[THE TASK] Write out again, word for word, the lines below from the line that holds "a view of a" through the line that holds "Butternut squash filled", omitting pictures.

[RECORDED DATA]
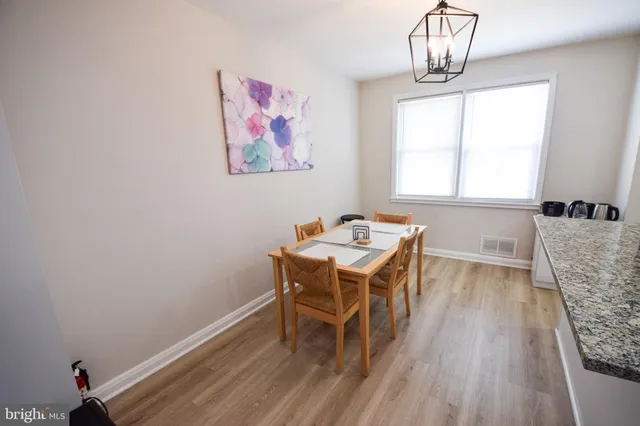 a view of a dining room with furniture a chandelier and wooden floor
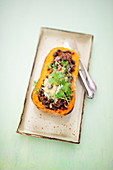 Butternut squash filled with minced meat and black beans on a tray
--
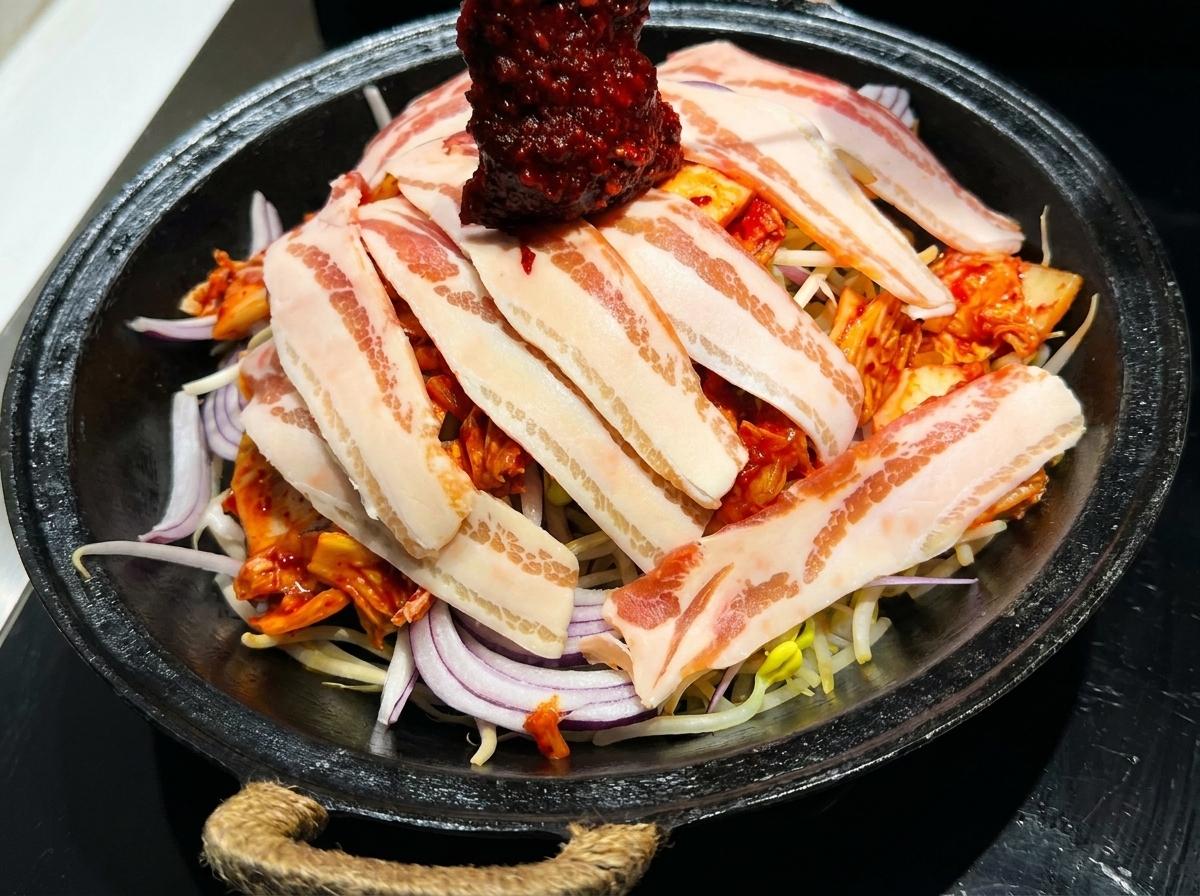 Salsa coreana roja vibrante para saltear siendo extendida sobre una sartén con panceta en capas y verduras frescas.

[TASK OUTPUT]
 a view of a dining room with furniture a chandelier and wooden floor
 Butternut squash filled with minced meat and black beans on a tray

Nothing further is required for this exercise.